Imbolc la fête celtique.

L’heure la plus sombre est juste avant l’aube
Thomas Fuller

[…]Brigitte a mis son doigt dans la rivière
Le jour de la fête de Brigitte
Et la mère du froid est partie,
Et elle a baigné ses paumes dans la rivière
Le jour de la fête de Patrick
Et s’en alla la mère conceptrice du froid, […]
Carmina Gadelica, Alexander Carmichael

Imbolc annonce le printemps.

Ce jour est consacré à Brigitte/Saint Brigitte, qui est une des saintes patronnes de la Bretagne. Puisque notre pays tire son nom de Pritanī, l’ancien nom de la Grande Bretagne, qui doit son nom à Brigitte. La reine Boudicca, le matin de la bataille où elle vainquit les Romains relâcha un lièvre, un animal symbole de Brigitte. Un animal qui fait le pont avec l’autre monde comme le lapin blanc dans Alice au Pays des merveilles.

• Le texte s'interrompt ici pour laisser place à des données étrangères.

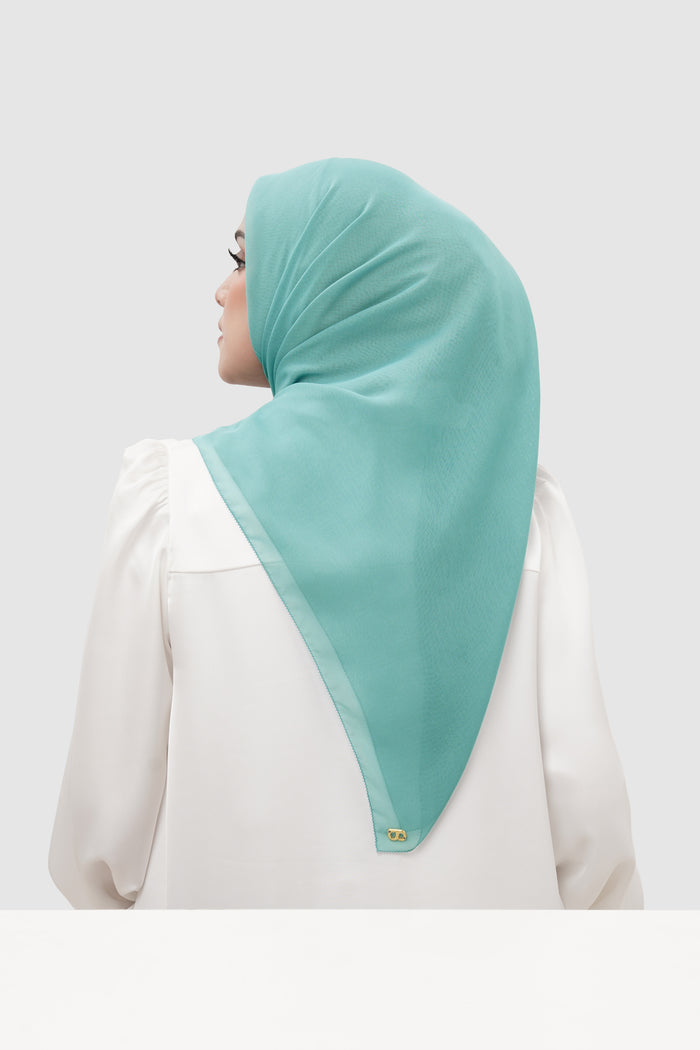everyday scarf in cameo blue by buttonscarves back view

Pour les Celtes de l’Atlantique comme pour beaucoup d’anciens, chaque jour commençait la veille au soir. Ainsi l’année commençait à Samhain [ˈsaʊ.wɪn] au début des mois les plus sombres de l’année, en novembre. Avant de naître à la lumière, l’enfant doit grandir dans la nuit de l’utérus. Imbolc [ˈɪmbɒlk] signifie en irlandais dans le ventre. Cette fête, traditionnellement fixée à la veille du 1er février, annonce le printemps. Bien que dans l’Antiquité elle était sans doute choisie en fonction de la lune et du soleil comme le montre le calendrier de Coligny. Brigitte vient de Brig l’Exaltée.
La légende la plus courante concernant Brigid est celle de son manteau.

Le manteau de Brigitte.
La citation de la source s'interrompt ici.